[PATCH 3/5] sched: cpufreq: call cpufreq hook from remote CPUs

From: Steve Muckle
Date: Mon May 09 2016 - 17:20:42 EST


Without calling the cpufreq hook for a remote wakeup it is possible
for such a wakeup to go unnoticed by cpufreq on the target CPU for up
to a full tick. This can occur if the target CPU is running a
CPU-bound task and preemption does not occur. If preemption does occur
then the scheduler is expected to run soon on the target CPU anyway so
invoking the cpufreq hook on the remote wakeup is not required.
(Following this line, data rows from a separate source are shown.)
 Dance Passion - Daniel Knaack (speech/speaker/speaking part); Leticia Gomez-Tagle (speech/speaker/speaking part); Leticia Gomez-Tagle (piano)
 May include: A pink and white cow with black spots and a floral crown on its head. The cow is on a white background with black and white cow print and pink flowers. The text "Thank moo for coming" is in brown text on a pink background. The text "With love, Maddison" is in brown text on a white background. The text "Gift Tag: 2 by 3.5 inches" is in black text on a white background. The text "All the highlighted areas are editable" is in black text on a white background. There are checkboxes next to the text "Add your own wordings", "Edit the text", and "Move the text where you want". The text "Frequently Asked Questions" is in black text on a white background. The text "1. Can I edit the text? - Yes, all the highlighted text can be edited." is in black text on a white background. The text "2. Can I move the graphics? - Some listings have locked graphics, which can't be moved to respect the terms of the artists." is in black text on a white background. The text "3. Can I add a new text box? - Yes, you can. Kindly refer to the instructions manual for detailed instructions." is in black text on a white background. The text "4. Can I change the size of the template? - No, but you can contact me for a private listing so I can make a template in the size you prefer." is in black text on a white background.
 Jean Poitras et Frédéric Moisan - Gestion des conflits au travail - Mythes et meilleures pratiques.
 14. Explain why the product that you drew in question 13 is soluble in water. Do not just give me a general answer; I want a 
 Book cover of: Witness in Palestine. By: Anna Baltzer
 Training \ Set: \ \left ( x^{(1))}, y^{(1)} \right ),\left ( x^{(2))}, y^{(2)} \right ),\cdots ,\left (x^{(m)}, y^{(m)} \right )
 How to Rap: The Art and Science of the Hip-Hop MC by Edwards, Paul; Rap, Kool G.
In order to avoid unnecessary interprocessor communication in the
governor for the preemption case, the existing hook (which happens
before preemption is decided) is only called when the target CPU
is within the current CPU's cpufreq policy. A new hook is added in
check_preempt_curr() to handle events outside the current CPU's
cpufreq policy where preemption does not happen.

Some governors may opt to not receive remote CPU callbacks. This
behavior is possible by providing NULL as the new policy_cpus
parameter to cpufreq_add_update_util_hook(). Callbacks will only be
issued in this case when the target CPU and the current CPU are the
same. Otherwise policy_cpus is used to determine what is a local
vs. remote callback.

Signed-off-by: Steve Muckle <smuckle@xxxxxxxxxx>
---
drivers/cpufreq/cpufreq_governor.c | 2 +-
drivers/cpufreq/intel_pstate.c | 2 +-
include/linux/sched.h | 4 +-
kernel/sched/core.c | 4 ++
kernel/sched/cpufreq.c | 13 ++++-
kernel/sched/cpufreq_schedutil.c | 6 ++-
kernel/sched/fair.c | 40 +++++++-------
kernel/sched/sched.h | 106 +++++++++++++++++++++++++++++--------
8 files changed, 127 insertions(+), 50 deletions(-)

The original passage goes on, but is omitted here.